1.      Despite the lower work hours, Tom actually met all his targets. Counterintuitively, the remaining CXO’s struggled.

2.      Tom seemed to ignore apparently important challenges. Mysteriously, the challenges got solved to the satisfaction of stakeholders.

3.      Sandra also found that Tom spent the least amount of time in 1:1 meetings with his reports, while other CXO’s spent way more (“At this crucial juncture, it is important to be engage staff”, the CXO’s said). That said, employee engagement scores told a different story – Tom’s team reported the highest engagement despite the fewer hours.

How could Tom get so much accomplished while the others struggled? Sandra asked me to check Tom out from a neurological perspective. I spent a couple of hours talking to Tom for a few days trying to understand his philosophy and his brain wiring. Soon everything fell in place.

His productivity secrets?

1.      Tom demarcated his office into a small “cellphone zone” and a significantly larger “cellphone-free zone” (similar to smoking and non-smoking areas.). The cellphone zones were away from his office – this meant he had to walk a fair bit to use his phone. Such an arrangement drastically reduced his cellphone usage and he gave 100% undivided attention to those who walked into his office. 

a.      Tom told me that the absence of phone distraction alone led to a 60% reduction in time spent in 1:1 meetings. This hugely improved his productivity.

  • A collateral benefit was without the cellphone, his 100% attention ensured his staff loved his “presence” and enjoyed working for him improving their engagement.

2.      His philosophy to people management was defined in two words – “listen actively”.

  • He never managed people – he managed their emotions.
  • His philosophy was that the simple act of actively listening to his people released their emotions. The non-emotional people were way more productive and happier than his peer teams.
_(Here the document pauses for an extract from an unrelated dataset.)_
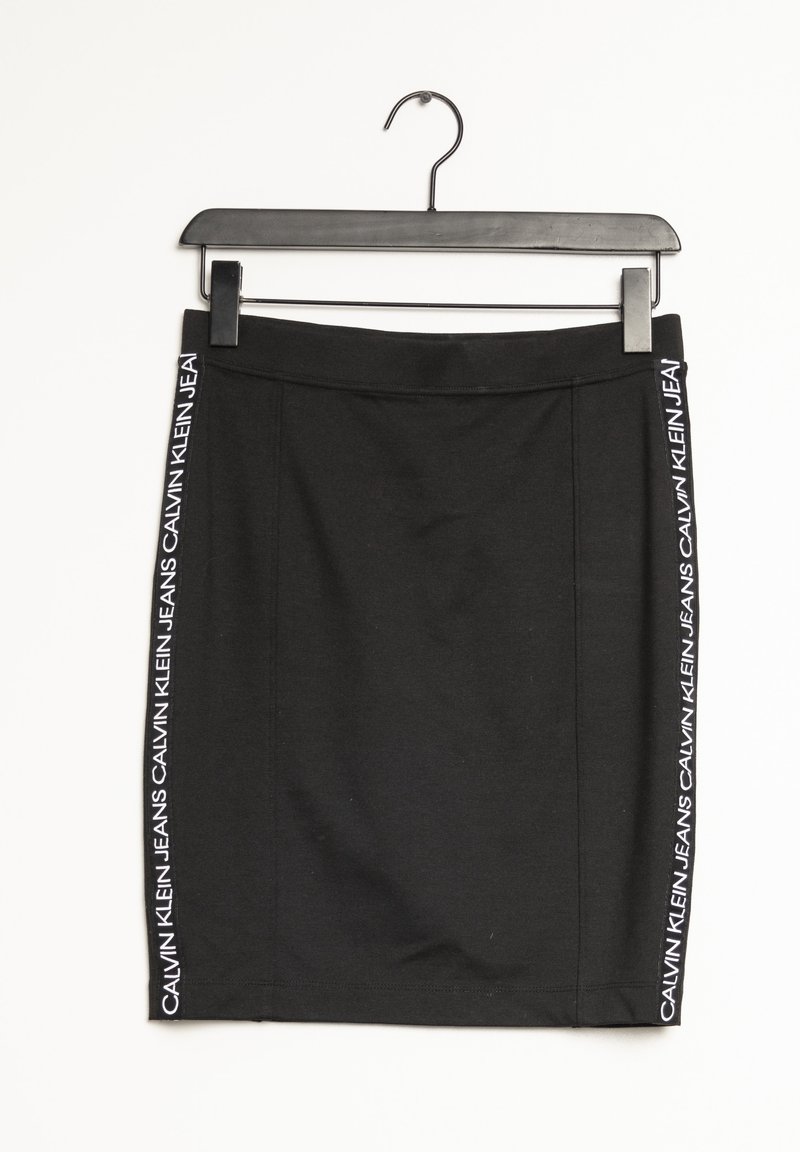 Gonna nera con un design aderente, caratterizzata da un marchio bianco lungo il lato. Realizzata in un materiale liscio e elastico. Appesa a una gruccia nera.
3.      His philosophy to problem solving could be summed up in the SAME two words “listen actively”.

  • He realized that 90% of daily work problems did NOT need his attention though they came to him. In fact, he felt his reports were way more capable and eager to fix them – if he allowed them to.
  • His analysis showed that negative emotions were the biggest impediment to solving problems. His intent of listening actively to his staff was NOT to suggest any solution – it was to help them release their emotions. The “emotional-baggage-free” staff became expert rational problem solvers. 
  • His analysis also showed that without emotions, the same challenge took 90% less time to fix compared to an emotional state. Additionally, the rework was negligible since a non-emotional state allowed his staff to analyze multiple angles before suggesting a solution. This allowed his staff to work fewer hours than their peers.

4.      Tom’s strategy to hiring his top management was unique – “If I don’t get frightened with the competence of a new hire, I won’t hire”.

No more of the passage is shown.